60 Degrees North
“The longing for home and the longing for love are so alike as to be inseparable.”
Malachy Tallack, journalist, musician, song-writer, is one of a new generation of travel writers for whom a journey is as much an opportunity for philosophical musings as a geographical experience. Like many of us, myself included, who spend much of our lives moving between countries and even continents that are far from our places of birth, he devotes a great deal of time to thinking about, looking for, and ultimately failing to find, the key to somewhere he might call his “real” home. A Shetlander by birth and the only child of divorced parents, he left the islands at the age of sixteen for the south of England to live with his father; the latter’s sudden and violent accidental death left the teenager distraught and disorientated, unwilling to continue with his plans for a musical training in the south and unable to reconnect to his Shetland roots. 60 Degrees North clearly grew out of a sense of pain and loss; this is an account of the boy’s sense of loneliness and the adult’s attempt to recentre himself in Shetland, albeit in a sometimes odd and elliptical way. This he tries to do by identifying a number of locations around the globe which lie on the same 60th parallel of latitude as parts of the Shetland Islands, and making a complex travel plan which will take him to each of these places.
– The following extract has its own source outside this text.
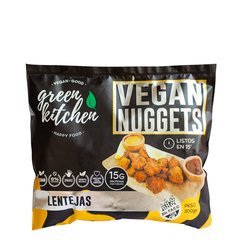 NUGGETS VEGANOS - LENTEJA- GREEN KITCHEN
The journey begins at Maus, Shetland, and takes him to Greenland, Canada, Alaska, Siberia, Saint Petersburg, Finland, Sweden and Norway. Although it is perhaps difficult at times for the reader to comprehend fully Tallack’s approach, the story itself is a fascinating insight into the lives and history of the northern peoples who made their homes in snow-covered wastelands, from the Alaska to the vast Steppes of Russia.
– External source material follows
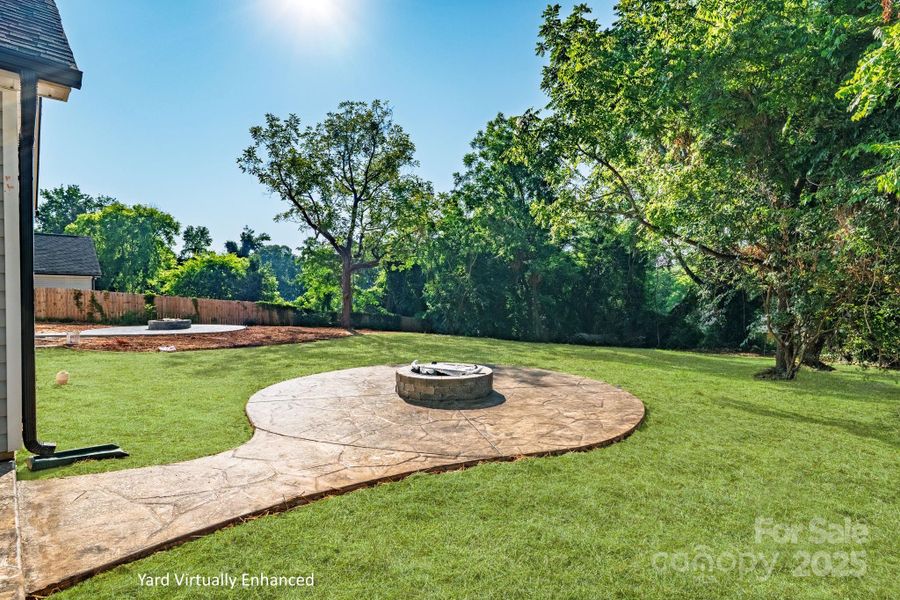 Exterior details and patio area of a home in , East Spencer (Image 26).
But is the object of Tallack’s exercise to rediscover Shetland per se or, rather, an attempt to relocate his identity from the south of England to the most northerly territories of the globe? From the beautifully crafted and poetic story of an unexpected love-affair with Siberia to disappointment at the exclusive nature of land enclosure in Canada, and surprise at the universality of public land ownership in Greenland, he relates everything he experiences to his own search, if not for himself, then for some kind of identity with a geographical basis.
“How can we know, I wondered, when we have found our place in the world? How can we know when we ought to cease our wandering?” This is the question Tallack asks himself on his way throughout the northern wastes of Canada. He feels like the eternal outsider who, whilst he longs for acceptance and belonging, is reluctant to allow himself to love, for fear of the pain of what he might lose; a pain he has already experienced but has yet hardly lived long enough to come to terms with. The tribes he encounters in Siberia or Alaska regard the whole of their land as their home, nurturing and protecting them in different ways and in different places and according to the seasons. Tallack is not nomadic in that sense, instead seeking a land to belong that recognises him for who he is; in other words, a substitute for the parents lost to him through divorce and death.
Tallack’s story is accompanied by a number of photographs and maps, unremarkable except in that they illustrate the harsh and isolated nature of the regions which seem to hold most attraction for him. There is much to admire in the poetic writing of the tale and much, I suspect, for a psychoanalyst to dine out on.